No fim dos anos noventa e início dos anos dois mil, um gênero-fragmento, o rap-samba, começou a ganhar destaque entre alguns mcs e produtores do eixo Rio/São Paulo (dentre eles, Dj Nuts e Zé González). E não só: nos Estados Unidos, os Beastie Boys e produtores como J. Dilla e Madlib voltaram seus ouvidos para a bossa nova e para as outras expressões do samba na música popular brasileira. Há algumas explicações possíveis, e uma me parece bem razoável. É que o rap afinal ganhou lastro e densidade na cultura musical da periferia brasileira (uma pergunta rápida: qual favela ou bairro periférico não tem “Vida Loka” pichada em alguma parede?), e por isso, assim como aconteceu com o reagge jamaicano em muitas regiões do Brasil (no Maranhão e na Bahia, principalmente), o gênero estadunidense sofreu mutações, apropriações, aglutinações as mais variadas, tendo com o samba um lugar de felizes e ricos diálogos.

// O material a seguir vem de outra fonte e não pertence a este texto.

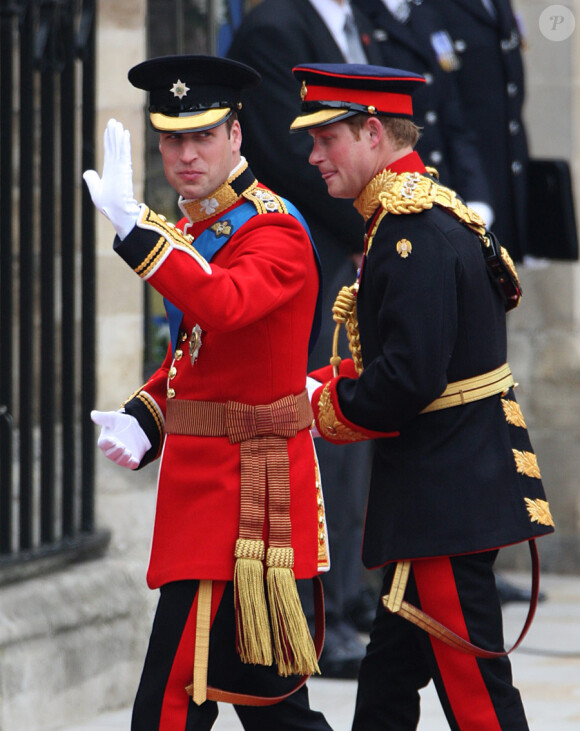 Les Princes Harry et William lors de leur arrivée à l'Abbaye de Westminster à l'occasion du mariage de Kate Middleton et du Prince William, le 29 avril 2011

Penso que foram Gabriel O Pensador e Marcelo D2 os primeiros a explorarem a mistura dos gêneros no circuito mainstream. Isto no Rio. Em São Paulo, num tópico mais underground, certamente Rappin Hood e Sabotage foram os pioneiros. Com “Samba do desempregado” (de 98), O Pensador não foi além de uma sátira usando o pagode baiano como expressão. Há pouco de rap ali, mas vale o registro histórico de um dos primeiros rappers a comporem um samba. D2 e Hood, no entanto, não fizeram como o compositor de “Samba do desempregado”, cavaram um pouco mais fundo. Eles conseguiram uma boa dosagem da cadência do samba de partido alto com o boom-bap nova-iorquino em seus discos.

Sabotage, que de fato tem mais densidade em sua lírica que estes três MCs (juntos?), fez do samba-rap não uma sátira ou somente um lugar de diálogo de gêneros musicais. Ele conseguiu criar uma espécie de síntese mais criativa, uma musicalidade híbrida cujo flow, melódico, lembra Eminem e Chico Buarque. Sem deixar de lado a linguagem comum das ruas e do crime. À maneira da linha evolutiva caetanística que Gilberto Gil exaltou em “Aquele abraço” (‘”Esse samba... Vai para Dorival Caymmi, João Gilberto e Caetano Veloso”), Sabotage assim o fez com o seu melhor rap-samba “Dama Tereza”: ‘É... Mestre Marçal, Pixinguinha, só quem é... Dona Ivone Lara. Chega mais... agora é eu, Sabotage’. Cronologicamente, Pixinguinha vem antes de Mestre Marçal, mas este “erro” de encadeamento é secundário quando o que importa, além dos nomes citados, é esta frase: “só quem é”. Sabotage sabe que ele é o samba (“Sou do samba raiz”), daí soar tão natural a sua experiência com o rap-samba (“O Hip Hop é meu hino. / Onde eu vou, tá comigo”).